- COLLECTED DATA:
:::::

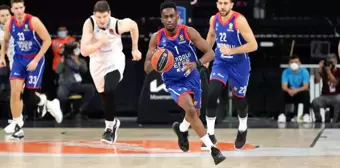 Anadolu Efes, Zenit deplasmanında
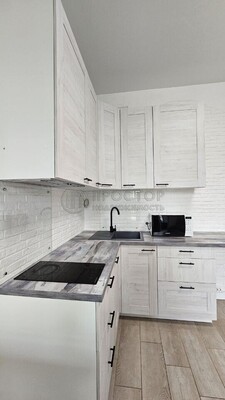 Продам однокомнатную (1-комн.) квартиру, Красноказарменная ул, 14Ак2, Москва г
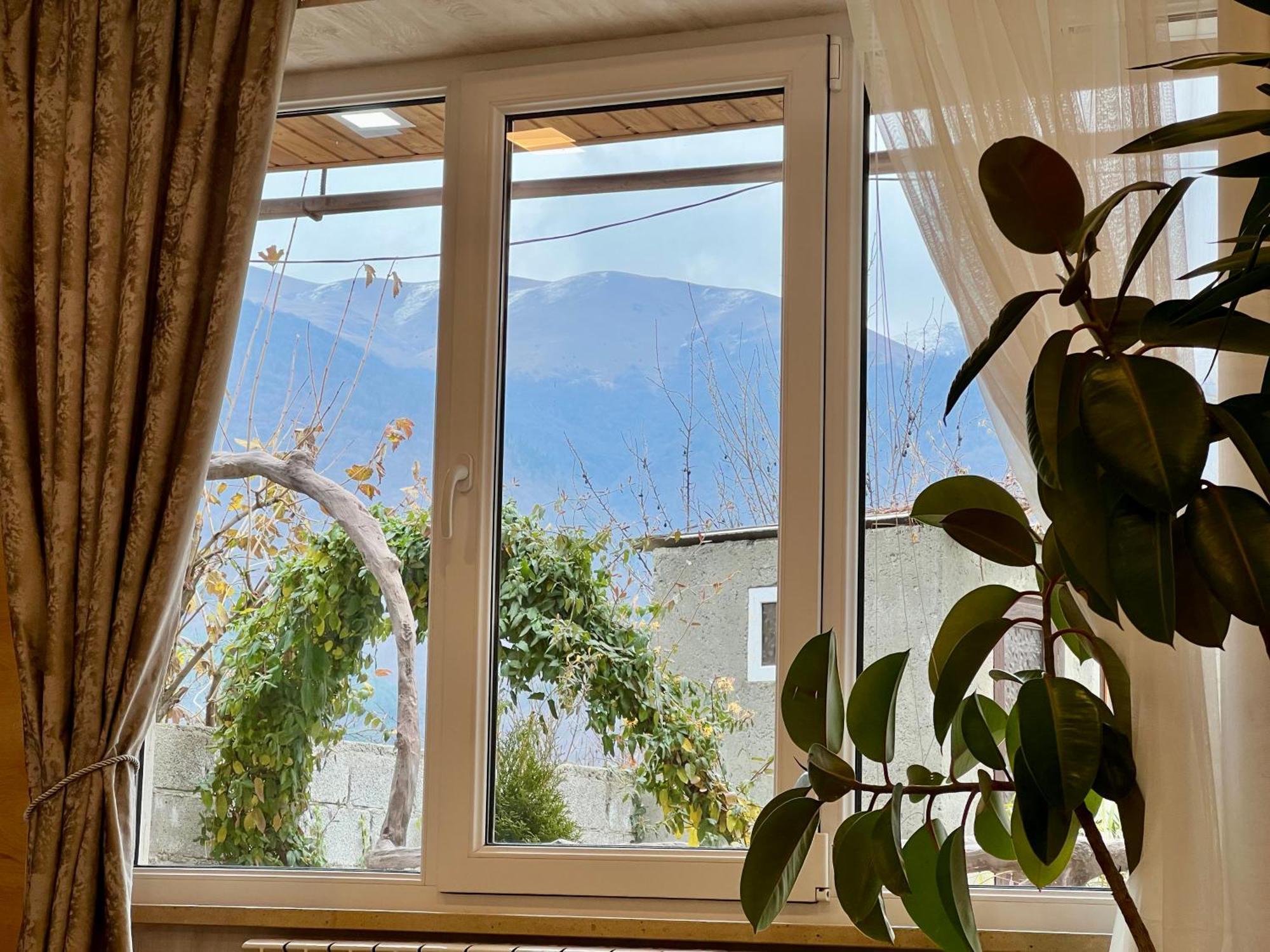 Green Park Guest House Dilijan Ngoại thất bức ảnh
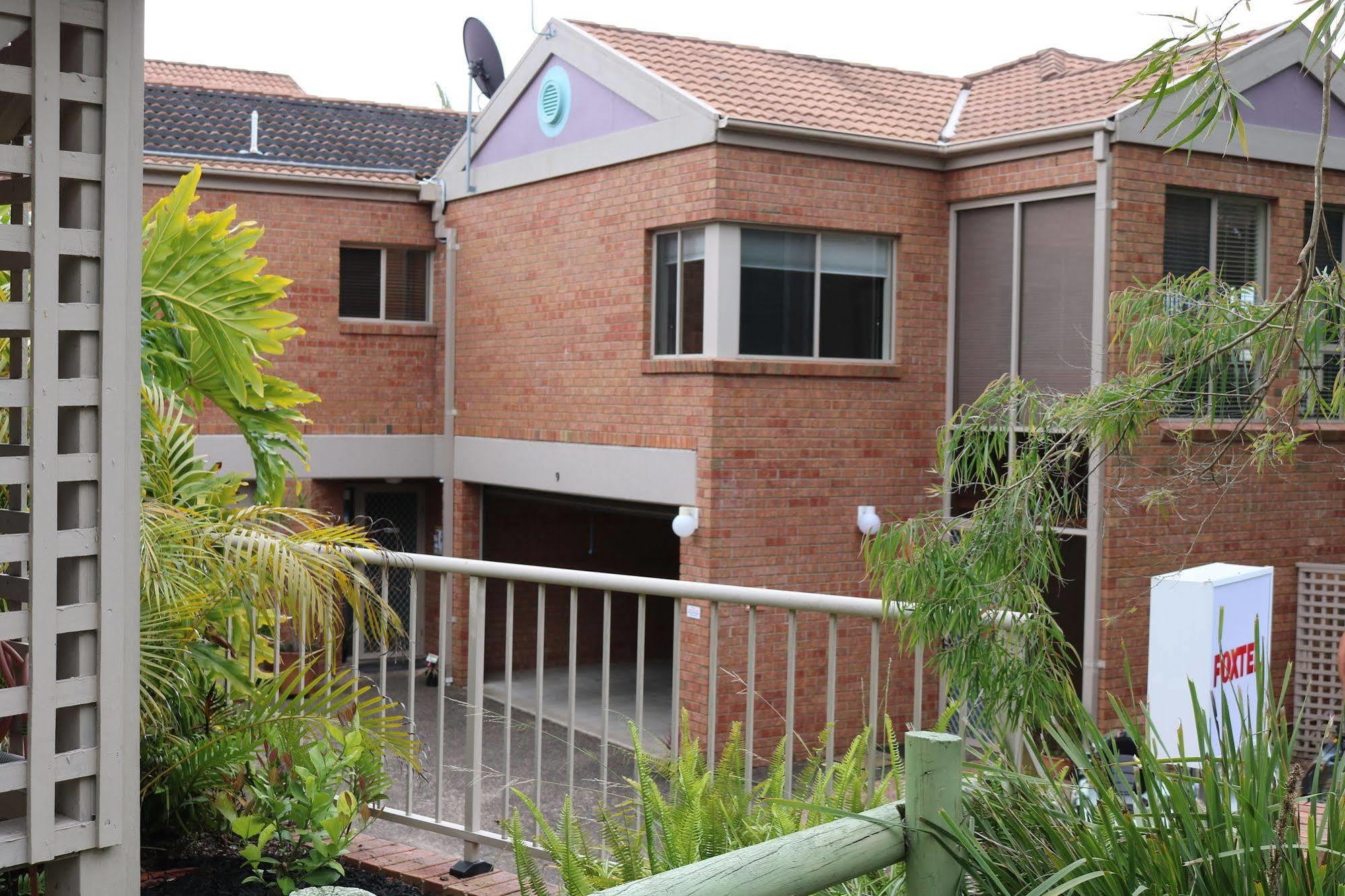 Beaches Apartments Merimbula Exterior photo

:::::

With the pictures removed, write out exactly the lines from the line containing "Green Park Guest" through the last line of the material above, both included.

 Green Park Guest House Dilijan Ngoại thất bức ảnh
 Beaches Apartments Merimbula Exterior photo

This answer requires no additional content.